I had the problem that I wanted to draw an elliptical arc given the extremal points and all parameters of the ellipse except start and end angle via OpenCV, my solution was to convert the ellipse to a polygon and cut out the area where my extremal-points were located, so after cv::ellipse2poly():

void cutOut(const std::vector<cv::Point> & pts,
std::vector<cv::Point> & poly,
const cv::Point2d & ext1, const cv::Point2d & ext2) const
{
// whole ellipse
if ( ext1 == cv::Point2d(0.0,0.0)
&& ext2 == cv::Point2d(0.0,0.0) )
{
return;
}

// get closest points on ellipse to given extremal points
double min1 = std::numeric_limits<double>::max();
double min2 = std::numeric_limits<double>::max();
int min_ind1, min_ind2;
for( size_t i = 0; i < pts.size(); i++ ) {
double n1 = cv::norm(cv::Point2d(pts[i].x,pts[i].y) - ext1);
if ( n1 < min1 ) {
min_ind1 = i;
min1 = n1;
}
double n2 = cv::norm(cv::Point2d(pts[i].x,pts[i].y) - ext2);
if ( n2 < min2 ) {
min_ind2 = i;
min2 = n2;
}
}

// copy points to poly
if ( min_ind2 == min_ind1 ) {
poly = pts;
}
if ( min_ind2 < min_ind1 ) {
poly.insert(poly.begin(), pts.begin()+min_ind1, pts.end());
poly.insert(poly.end(),pts.begin(), pts.begin()+min_ind2+1);
} else {
poly.insert(poly.begin(), pts.begin()+min_ind1, pts.begin()+min_ind2+1);
}
}


I guess from this post: http://stackoverflow.com/questions/197649/how-to-calculate-center-of-an-ellipse-by-two-points-and-radius-sizes you can derive a direct solution?!

Please let me know, if you know a better (= mathematical) solution than my quick & dirty hack ;) .

more

+1 - Thank you.
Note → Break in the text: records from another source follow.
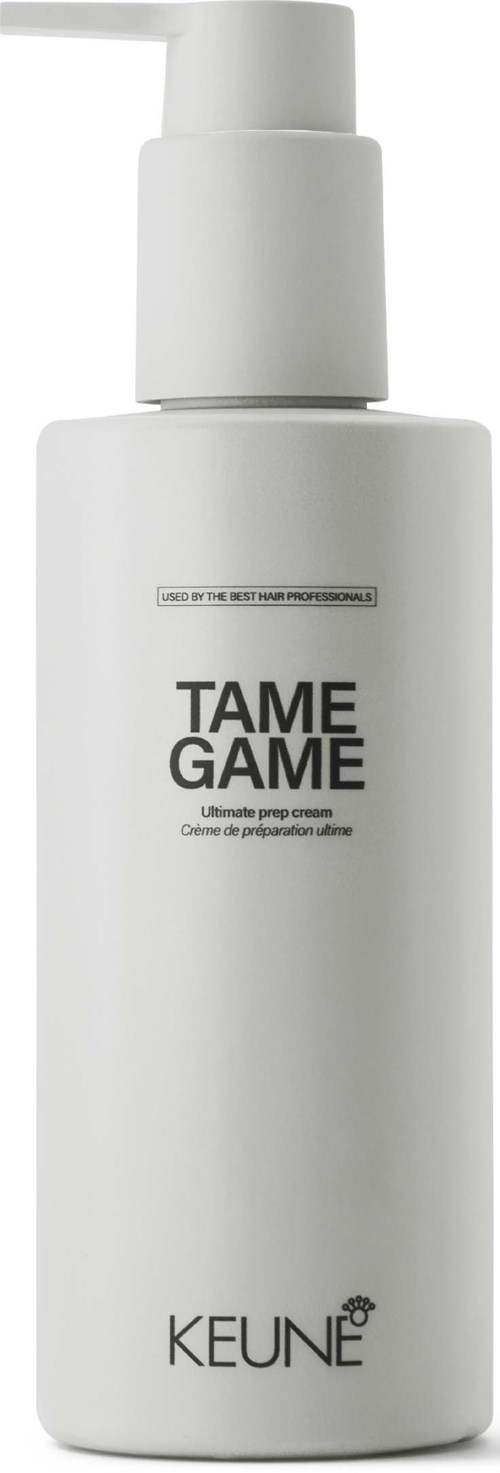 Valkoinen pullo, jossa pumppu, merkitty "TAME GAME" ja "KEUNE" alareunassa.
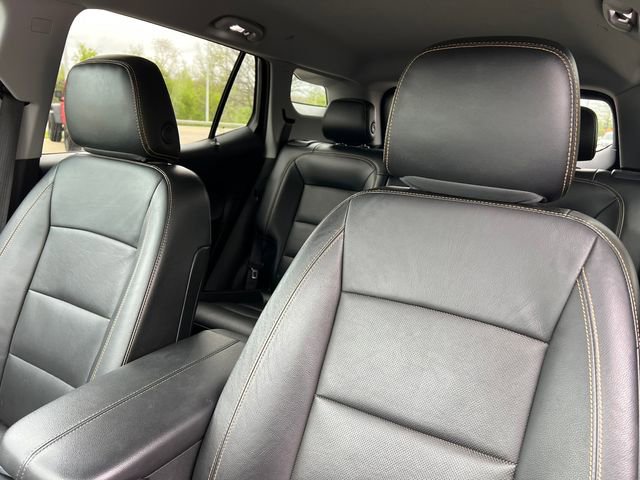 Used 2020 GMC Terrain SLT w/ Preferred Package FWD image 11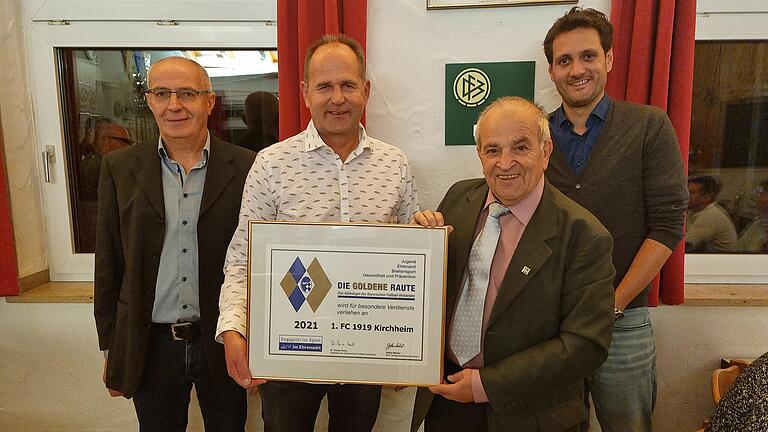 Auf dem Foto (v.l.): Reinhold Konrad (Vorstand FC Kirchheim), Stefan Klamt (Vereinsehrenamtsbeauftragter FC Kirchheim), Ludwig Bauer (Kreisehrenamtsbeauftragter Fußballkreis Würzburg und Björn Jungbauer (1. Bürgermeister Kirchheim). Auf dem Foto (v.l.): Reinhold Konrad (Vorstand FC Kirchheim), Stefan Klamt (Vereinsehrenamtsbeauftragter FC Kirchheim), Ludwig Bauer (Kreisehrenamtsbeauftragter Fußballkreis Würzburg und Björn Jungbauer (1. Bürgermeister Kirchheim).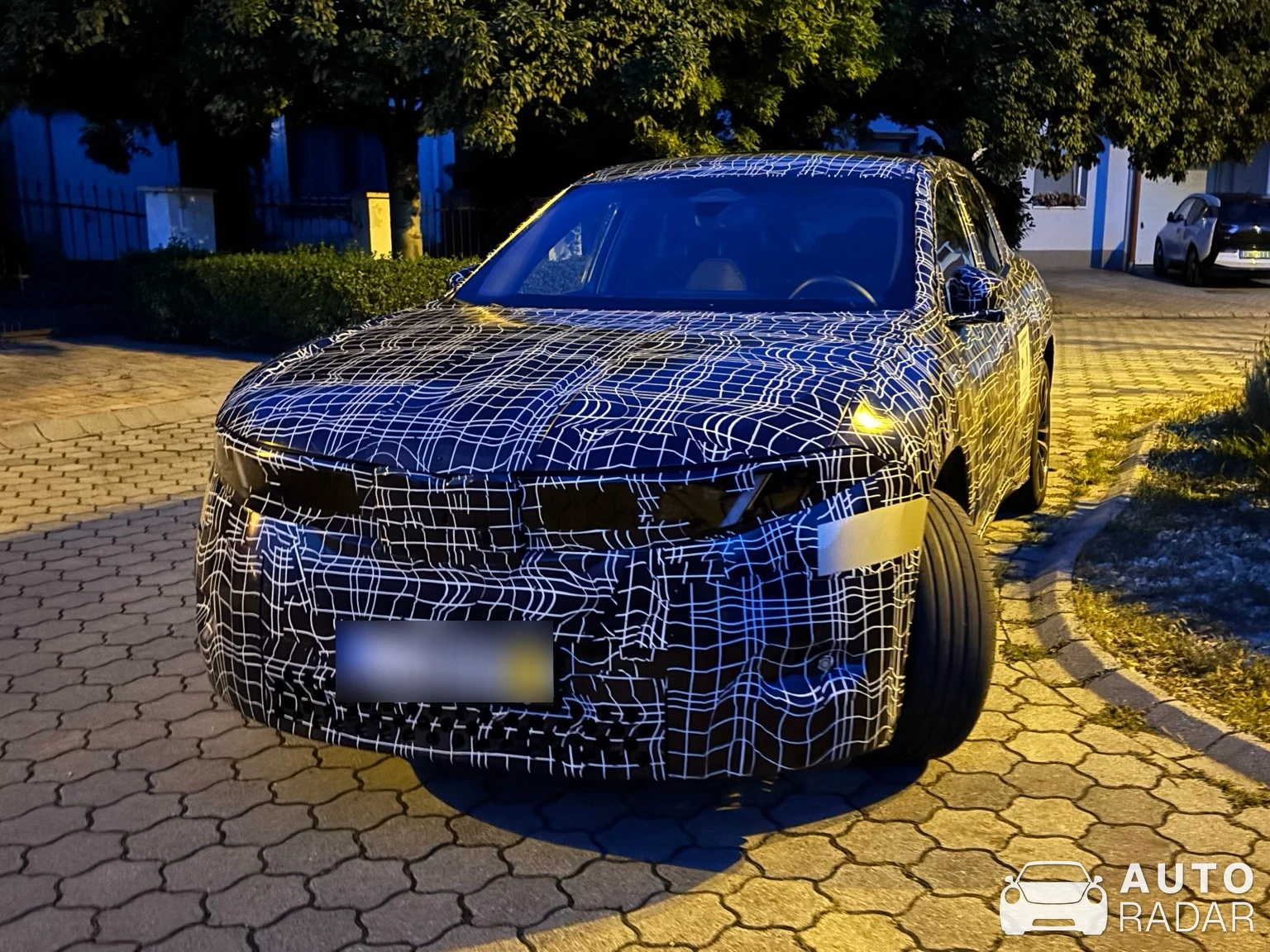 BMW IX3 Mule spotted in Debrecen
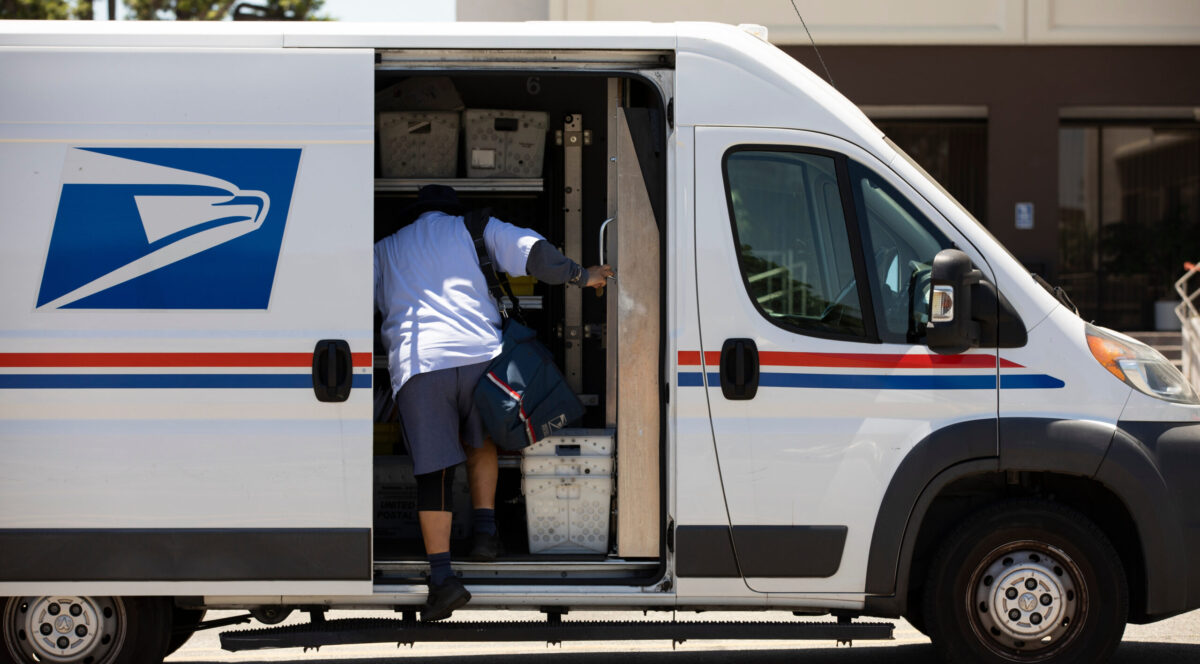 USPS to hire 10,000 seasonal employees to prepare for the holidays ...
Hmm. it all looks a little dirty. Actually for drawing functions, circular angles were more better.

( 2013-06-05 04:11:26 -0500 )edit

Yeah, I don't like it much either and would appreciate a better solution, too.

( 2013-06-05 05:13:07 -0500 )edit

@Guanta, what you mean - better solution?

( 2015-10-08 08:31:44 -0500 )edit

well, I haven't provided a mathematical way to draw only the points necessary, instead you need to compute all points and afterwards cut those points out which you are interested in.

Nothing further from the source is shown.